Holy Moly! I'm going to start this off with a bang because today is BEAR day in our neighborhood.
You heard me. My next door neighbor (due to a weird layout I have about 4 next door neighbors) took this picture in her yard today: bear:
I don't know what to DO around bears. A lot of the other animals, unless they are rabid, can be encouraged to get out of my way. But dammit- I don't think there are many options with bears. I am hoping the police will come at some point and get the bear. It is all well and good for people who say "well, they were here first". Really? What does that have to do with anything? I would really like that bear to GO AWAY. The ENTIRE Cascade mountain range is just a few miles up the road. Go there.
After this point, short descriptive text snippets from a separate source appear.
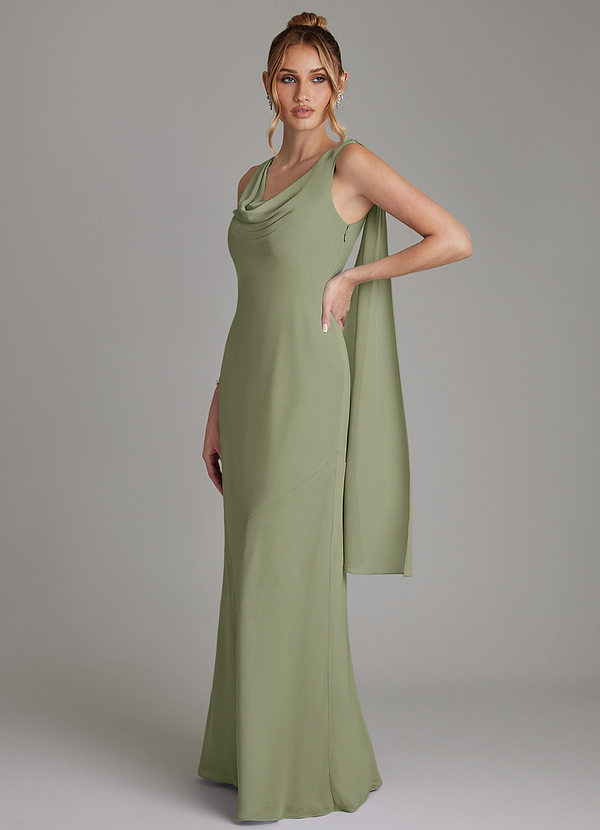 Azazie Essence 신부 들러리 드레스 쉬스 쉬폰 바닥 길이 드레스 image1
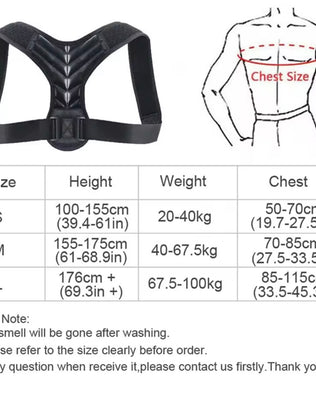 Problems Solved posture corrector for men and women, upper back brace supporting proper spinal alignment and improved posture.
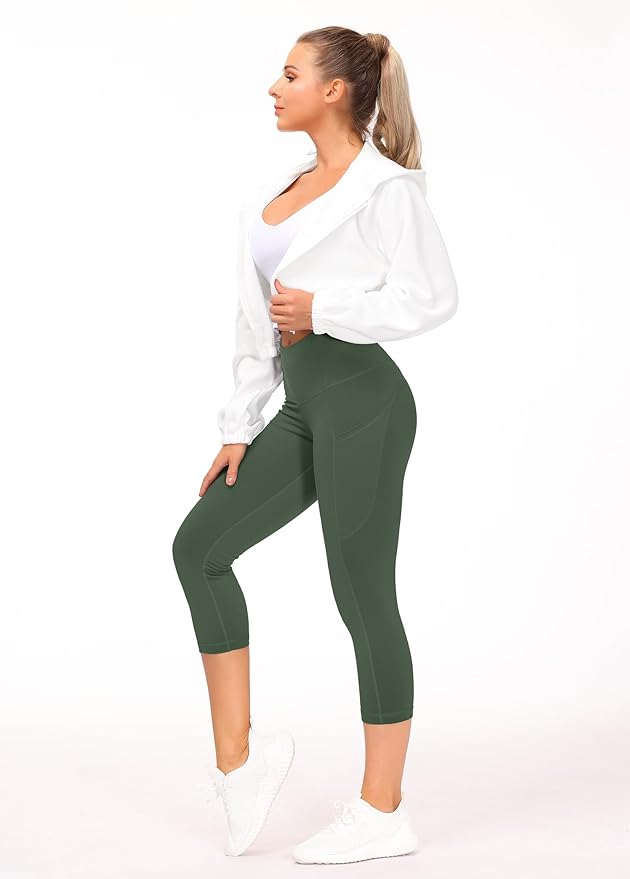 THE GYM PEOPLE Thick High Waist Capris Yoga Pants with Pockets, Tummy Control Workout Running Yoga Leggings for Women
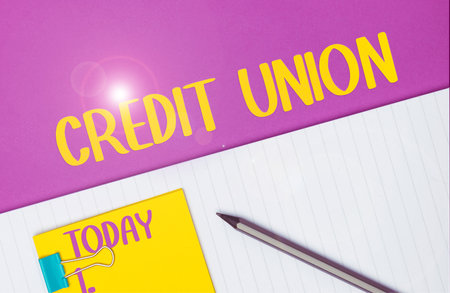 Sign displaying Credit Union. Business showcase cooperative association that makes small loans to membersの写真素材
I took my first ever art class today. I have absolutely not one ounce of talent. Not even a gram of talent. A milligram. My watercolor was so bad that it defied all logic. I'd have cried but my teacher was so nice. My birth sister, Candy, was really good at drawing. My daughter IS a professional artist. But Ryan and I have NO talent. We can doodle. We can make some amazing drawings with a ruler and pencil. But that isn't art. Drawing geometric shapes is NOT art. My class is for old people, and even though they don't look too old, they sure act it. One lady is a know it all with too much botox in her face. I'm serious- it's like watching a coma victim start talking. The lady next to me is very nice. One lady came over to see what I'd done and kept standing next to me. I'm thinking "you want to watch this ship wreck, go right on ahead but you aren't going to learn anything". One lady drew some nice ducks and did a very creditable job of watercoloring it. I suck. There are, in fact, no words for HOW BAD I am. But I'll go back and pay attention. Our teacher said that art isn't really a talent- anyone can do it if they get the right instruction. I really don't believe it. She is just so used to doing it that she thinks anyone can.
What freaks me out is that you can't use any WHITE because white is supposed to be the paper. Oh. That didn't work out for me at all.
I have to go make some chili for dinner in a few minutes. But I just HAD to put the bear up there so you could understand why I am fat. I refuse to go walking. One night we were trying to get in our garage and a deer was blocking us. ACK.